__Assignment__:
Beginning at the line that contains "Take it Slow T-Shirt" and finishing at the line that contains "广东试管婴儿费用什么时候能医保报销！试管婴儿广东省哪个医院比较好！", output the data below exactly. Include both end lines and no pictures.

__Source data__:
━━━━━━━━━━━━━━━━

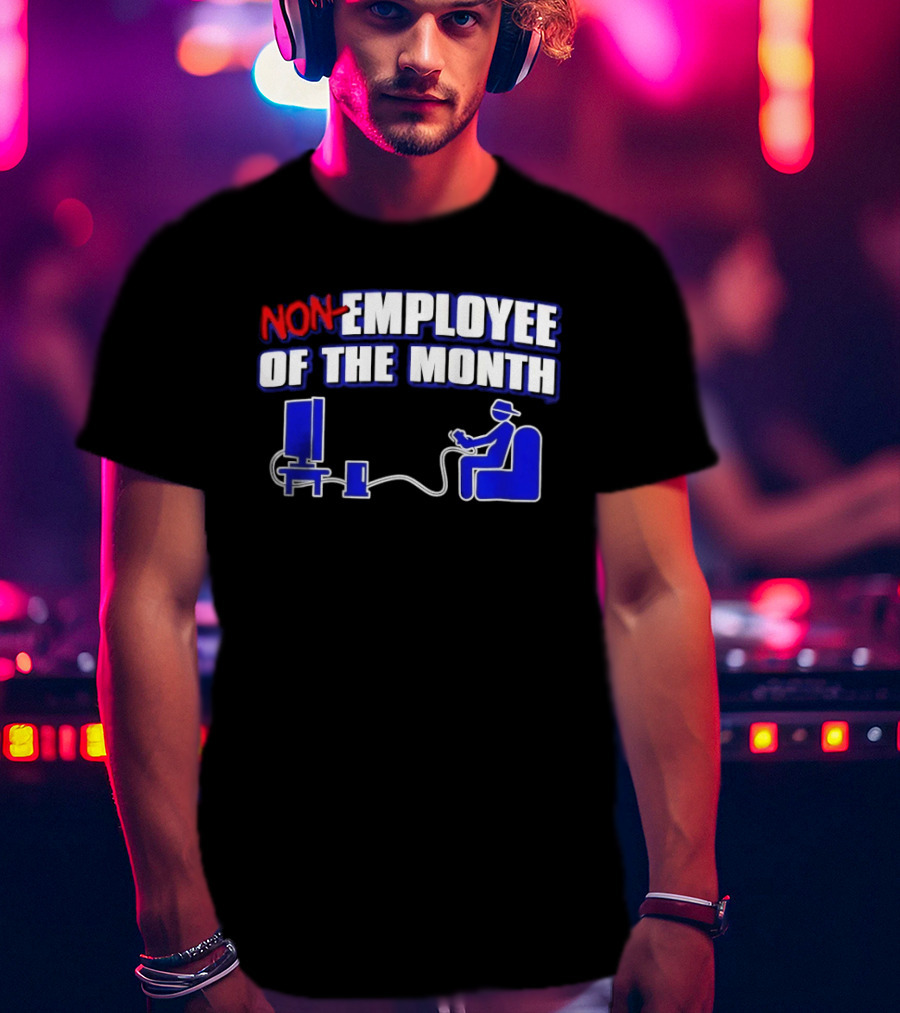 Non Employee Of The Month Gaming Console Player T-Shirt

━━━━━━━━━━━━━━━━

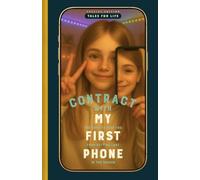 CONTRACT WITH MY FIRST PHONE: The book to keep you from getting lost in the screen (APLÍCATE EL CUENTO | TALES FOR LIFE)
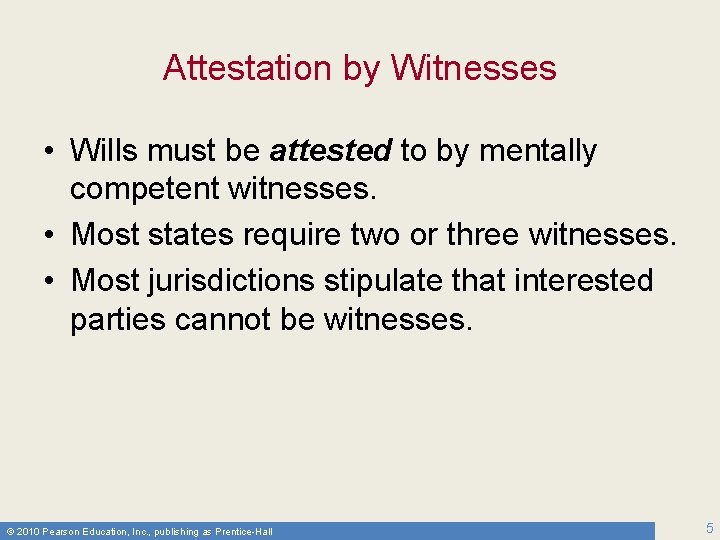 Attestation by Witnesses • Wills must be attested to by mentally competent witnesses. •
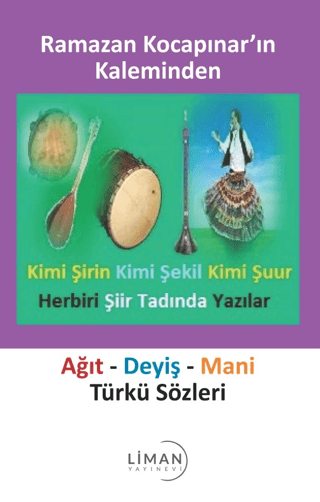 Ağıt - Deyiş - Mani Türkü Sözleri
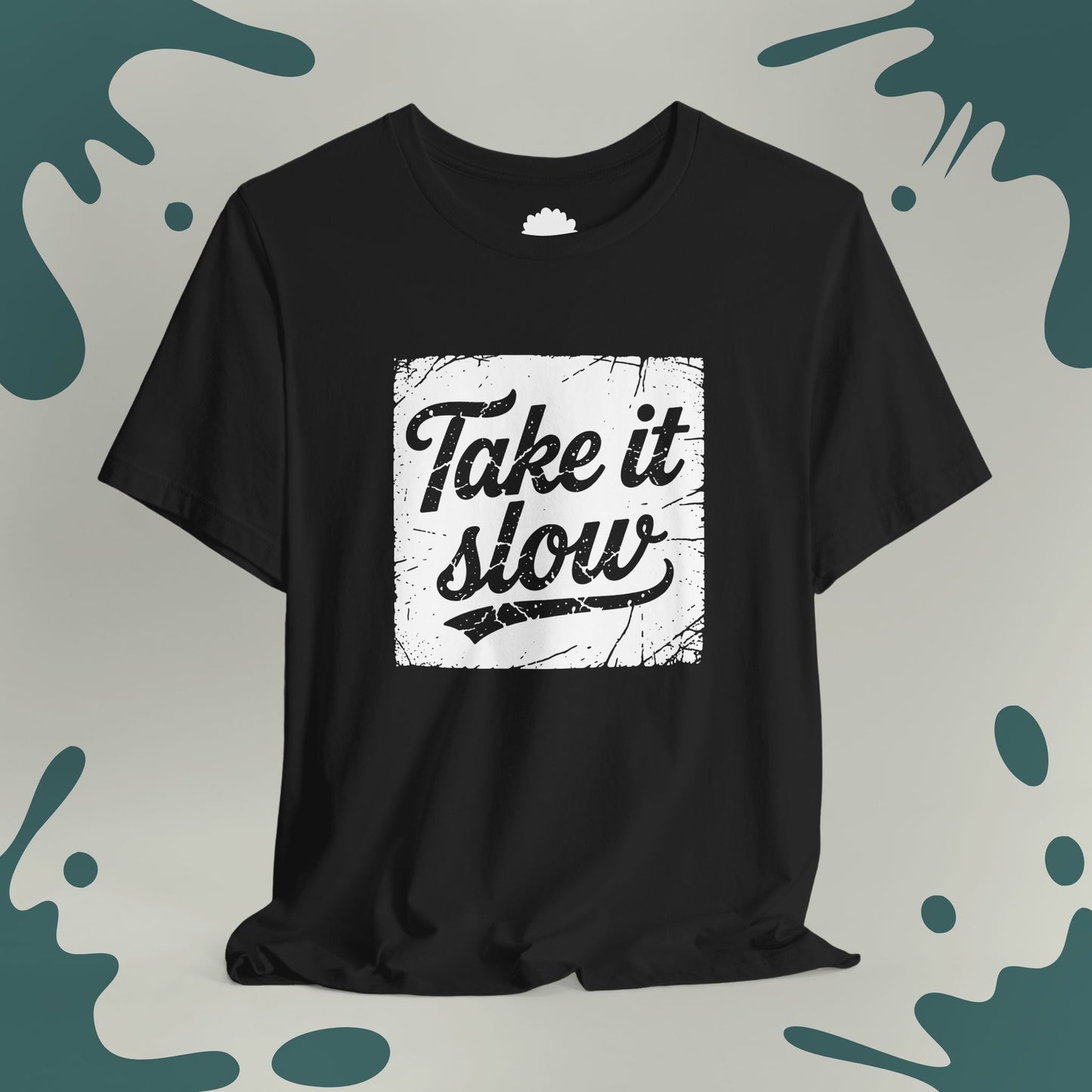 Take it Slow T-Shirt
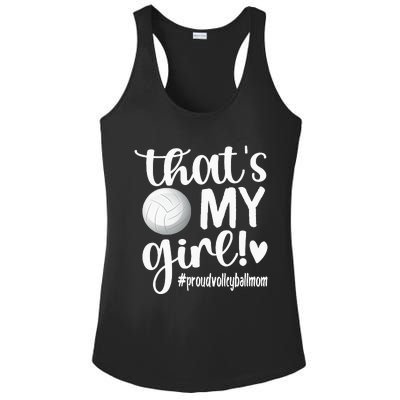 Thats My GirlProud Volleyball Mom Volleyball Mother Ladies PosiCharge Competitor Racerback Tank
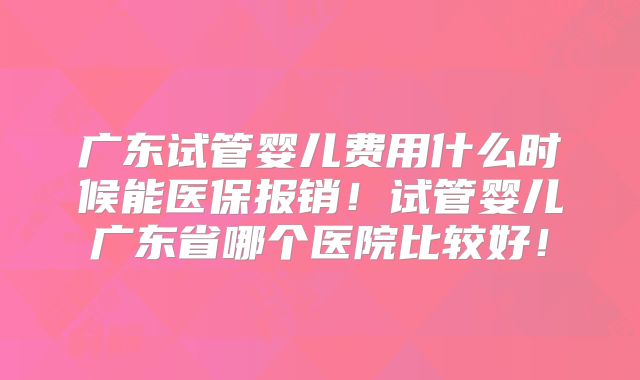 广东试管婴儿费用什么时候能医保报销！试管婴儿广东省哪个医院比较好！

━━━━━━━━━━━━━━━━

__Answer for the task__:
 Take it Slow T-Shirt
 Thats My GirlProud Volleyball Mom Volleyball Mother Ladies PosiCharge Competitor Racerback Tank
 广东试管婴儿费用什么时候能医保报销！试管婴儿广东省哪个医院比较好！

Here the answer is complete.